- _TASK ITEM_
Transcribe word for word the section of the records below that opens with the line containing "Canvas Leather Mens" and closes with the line containing "پکیج جهیزیه تبسم هستی"; drop every picture.

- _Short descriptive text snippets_
:::
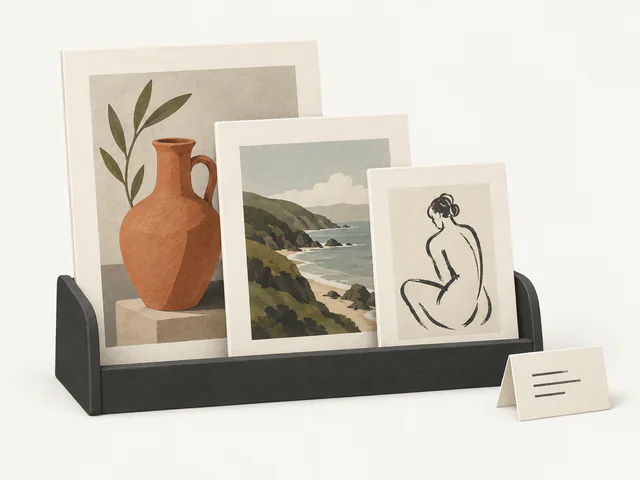 A portfolio rack with three distinct artworks and an information card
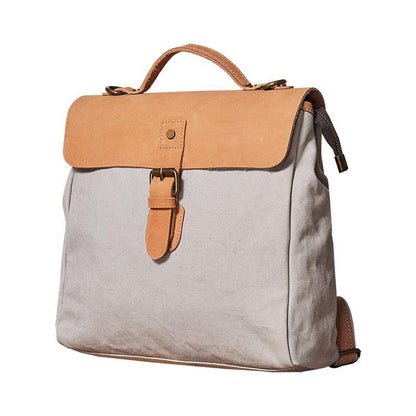 Canvas Leather Mens Womens Backpack Messenger Backpack Satchel Bag Canvas School Backpack for Men Women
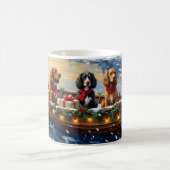 Cocker Spaniel Christmas Boat Holiday Kaffeetasse (Mittel)
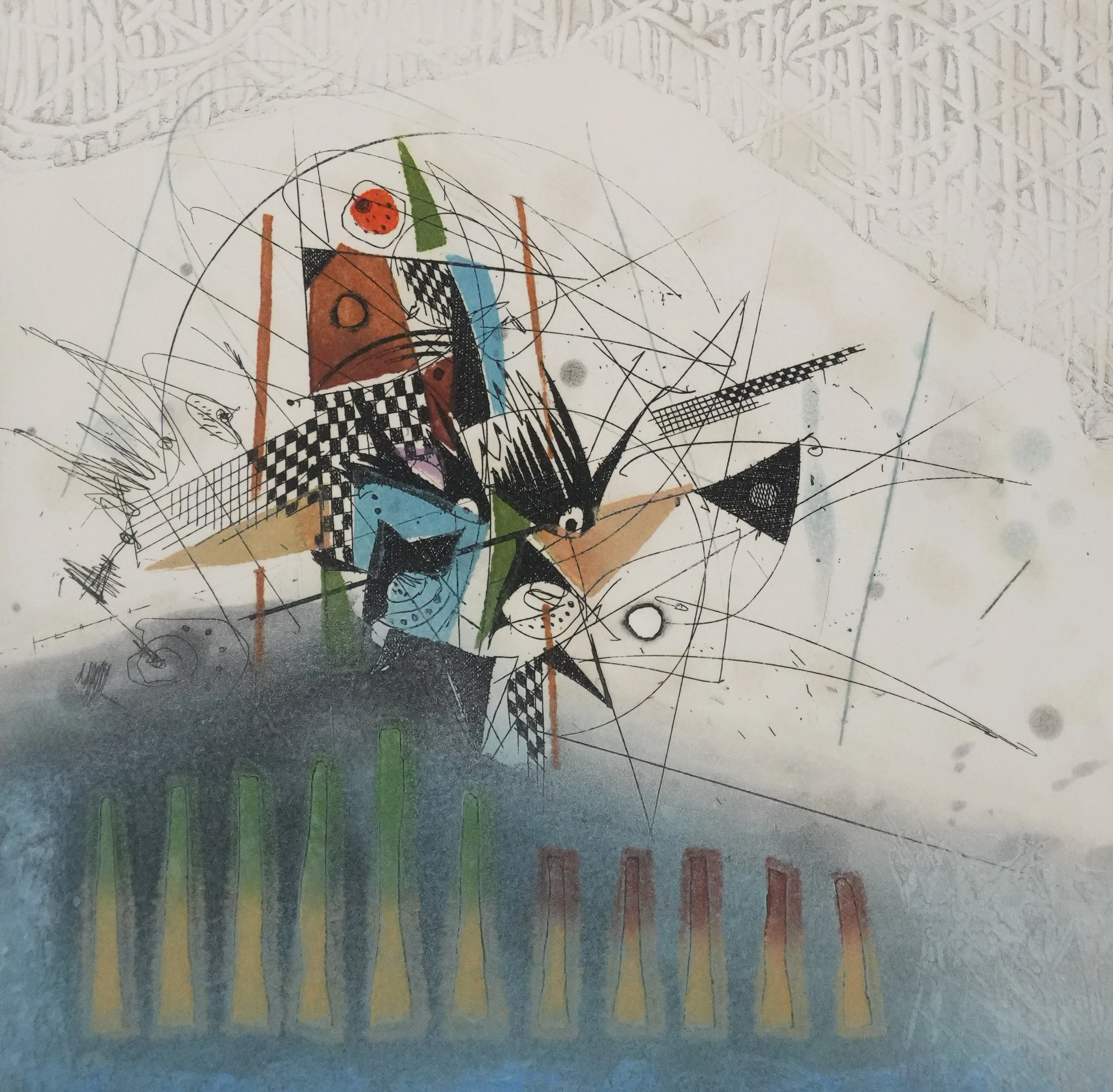 Georges DUSSAU : Composition au cercle gris, Gravure originale signée - Image 5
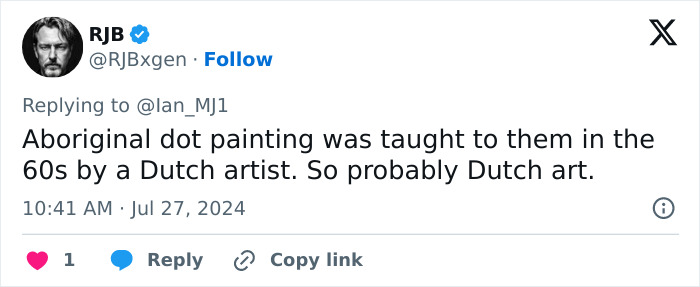 Tweet referencing Dutch art influence on Aboriginal dot painting. Tweet referencing Dutch art influence on Aboriginal dot painting.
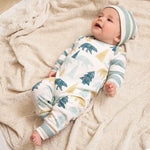 Bear Woodland 100 Percent Cotton Romper for Babies with Mountain Print Tesa Babe 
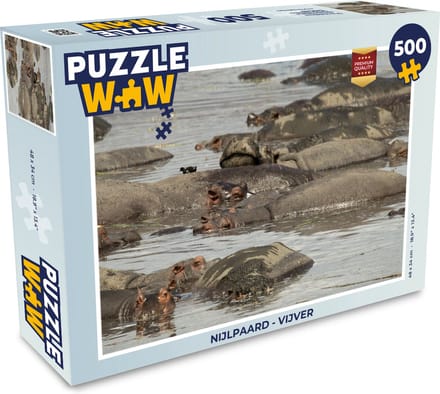 Puzzel Nijlpaard - Vijver - Legpuzzel - Puzzel 500 stukjes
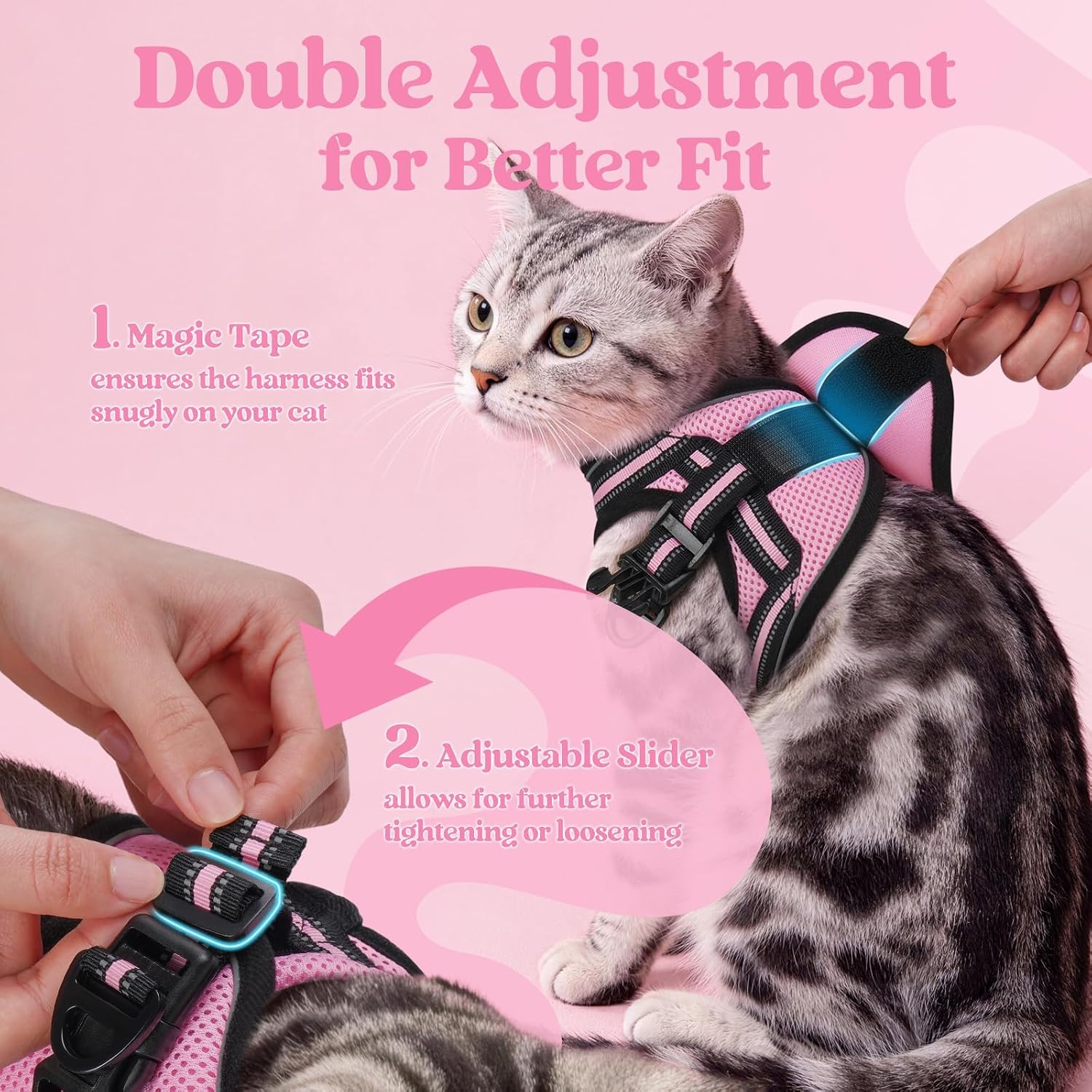 Thumbnail 2 de Rabbitgoo Cat Harness and Lead Set (Size S) – Soft Step-in Vest, Pink, Escape-Proof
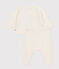 Babies' two-piece knitted outfit with a penguin print MARSHMALLOW white/MULTICO white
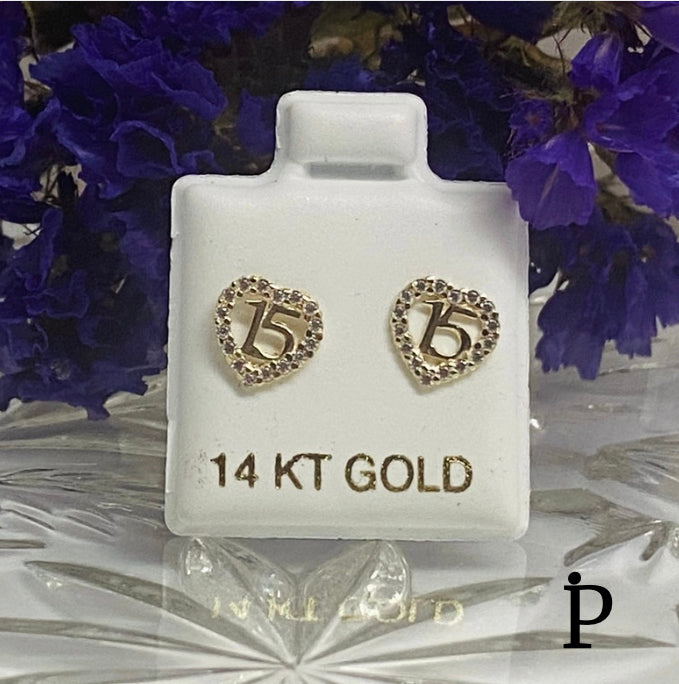 (AO-78) Heart Earrings with White Zirconia in 14K Gold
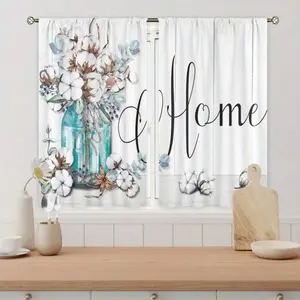 2 Panel 28"X40" Farmhouse Floral Kitchen Curtains Rod Pocket Country Valance Rustic Flower Tier Wooden Plank Eucalyptus Leaf Short Small Window For Kitchen Living Room Decor Home Decor, Farmhouse Style, Country Chic, Floral Pattern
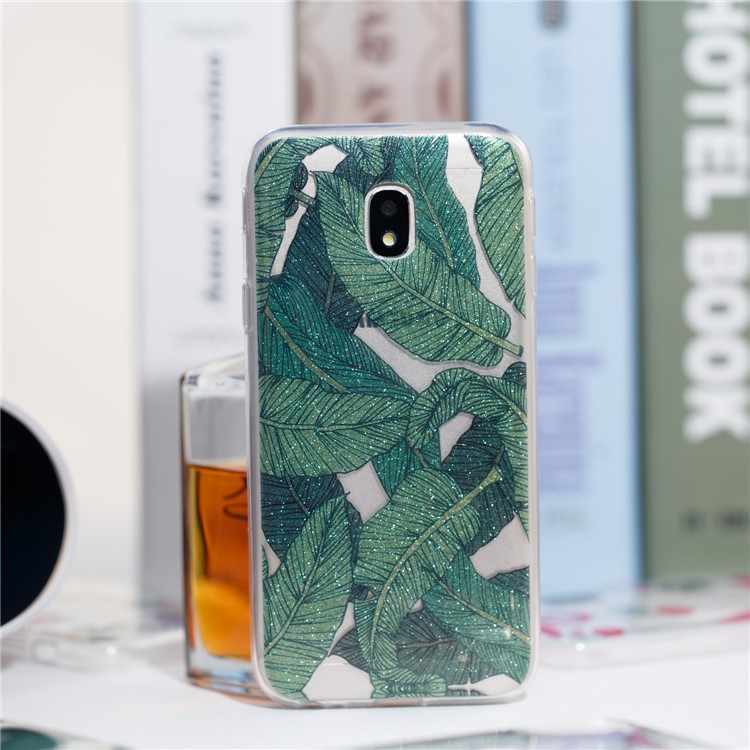 Clear IMD Glitter Powder Patterned TPU Phone Casing Cover for Samsung Galaxy J3 Pro (2017) / J3 (2017) EU Version - Green Leaves-4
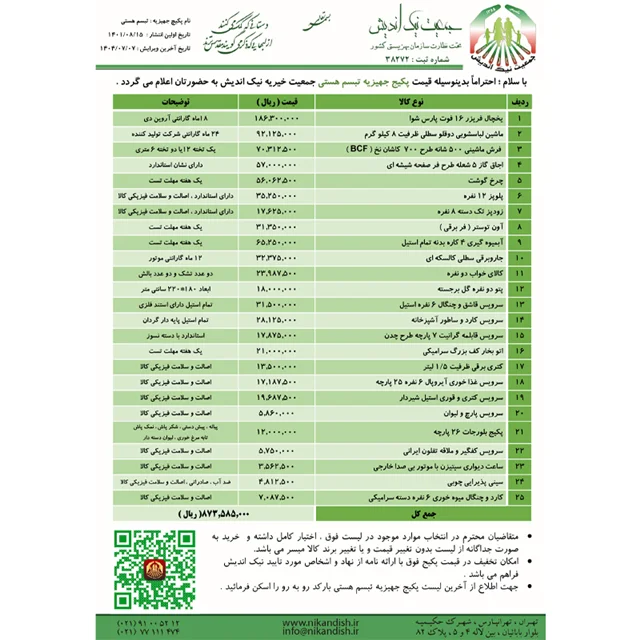 پکیج جهیزیه تبسم هستی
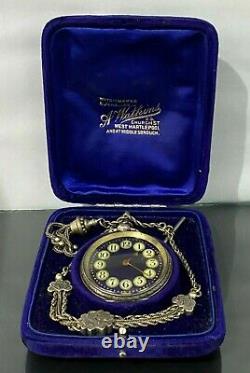 Antique Swiss 935 Silver engraved pocket watch with Silver Chain in original box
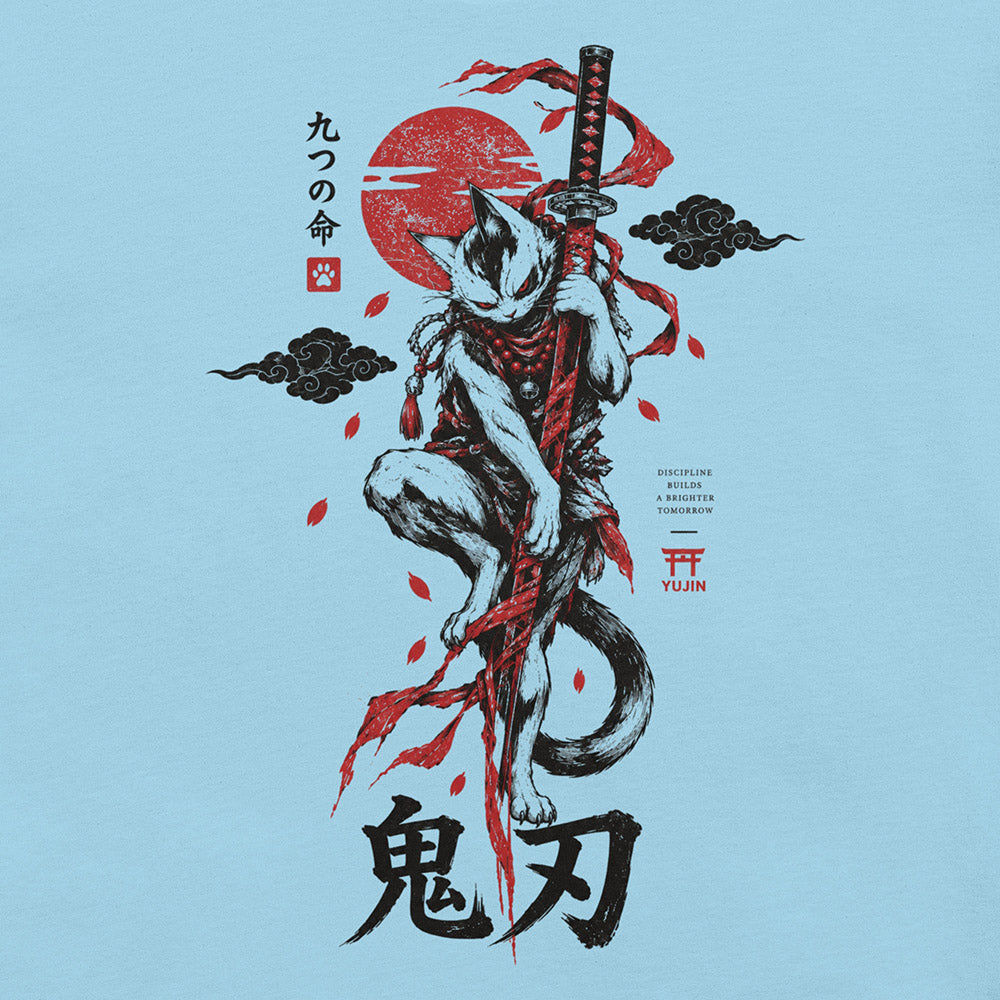Close-up of Nine Lives Ronin Cat T-Shirt artwork on Ocean Blue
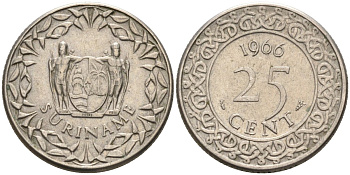 Суринам 25 центов 1966 KM 14 медно-никель 4585-964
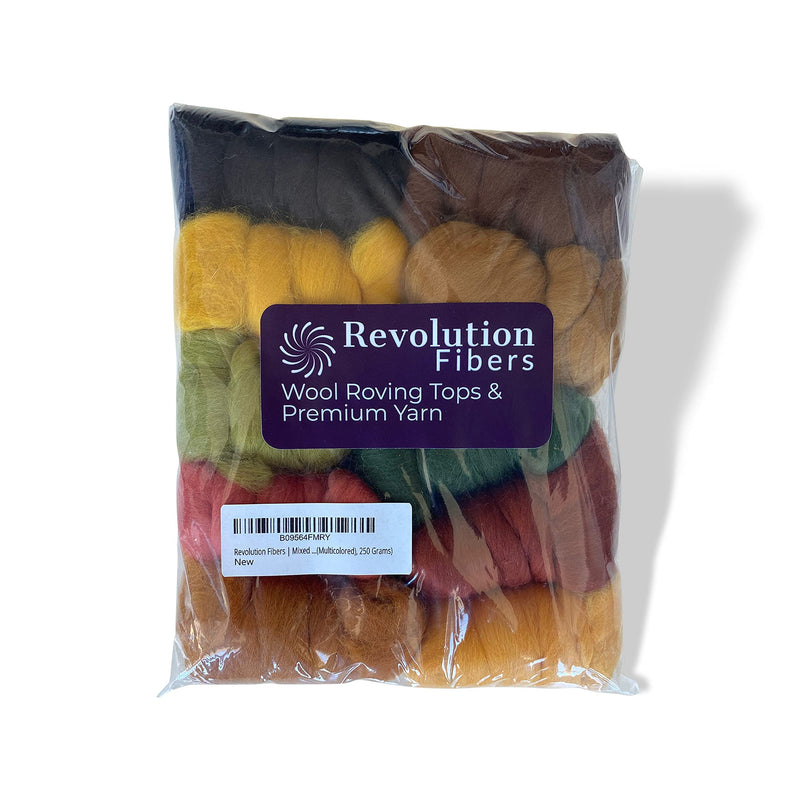 Revolution Fibers | Mixed Merino Wool Variety Pack | Perfect Wool Roving for Spinning, Needle Felting, Wet Felting, Weaving and Crafting (Autumn Leaves (Multicolored), 250 Grams) - NewNest Australia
:::
- _EXERCISE SOLUTION_
 Canvas Leather Mens Womens Backpack Messenger Backpack Satchel Bag Canvas School Backpack for Men Women
 Cocker Spaniel Christmas Boat Holiday Kaffeetasse (Mittel)
 Georges DUSSAU : Composition au cercle gris, Gravure originale signée - Image 5
 Tweet referencing Dutch art influence on Aboriginal dot painting. Tweet referencing Dutch art influence on Aboriginal dot painting.
 Bear Woodland 100 Percent Cotton Romper for Babies with Mountain Print Tesa Babe 
 Puzzel Nijlpaard - Vijver - Legpuzzel - Puzzel 500 stukjes
 Thumbnail 2 de Rabbitgoo Cat Harness and Lead Set (Size S) – Soft Step-in Vest, Pink, Escape-Proof
 Babies' two-piece knitted outfit with a penguin print MARSHMALLOW white/MULTICO white
 (AO-78) Heart Earrings with White Zirconia in 14K Gold
 2 Panel 28"X40" Farmhouse Floral Kitchen Curtains Rod Pocket Country Valance Rustic Flower Tier Wooden Plank Eucalyptus Leaf Short Small Window For Kitchen Living Room Decor Home Decor, Farmhouse Style, Country Chic, Floral Pattern
 Clear IMD Glitter Powder Patterned TPU Phone Casing Cover for Samsung Galaxy J3 Pro (2017) / J3 (2017) EU Version - Green Leaves-4
 پکیج جهیزیه تبسم هستی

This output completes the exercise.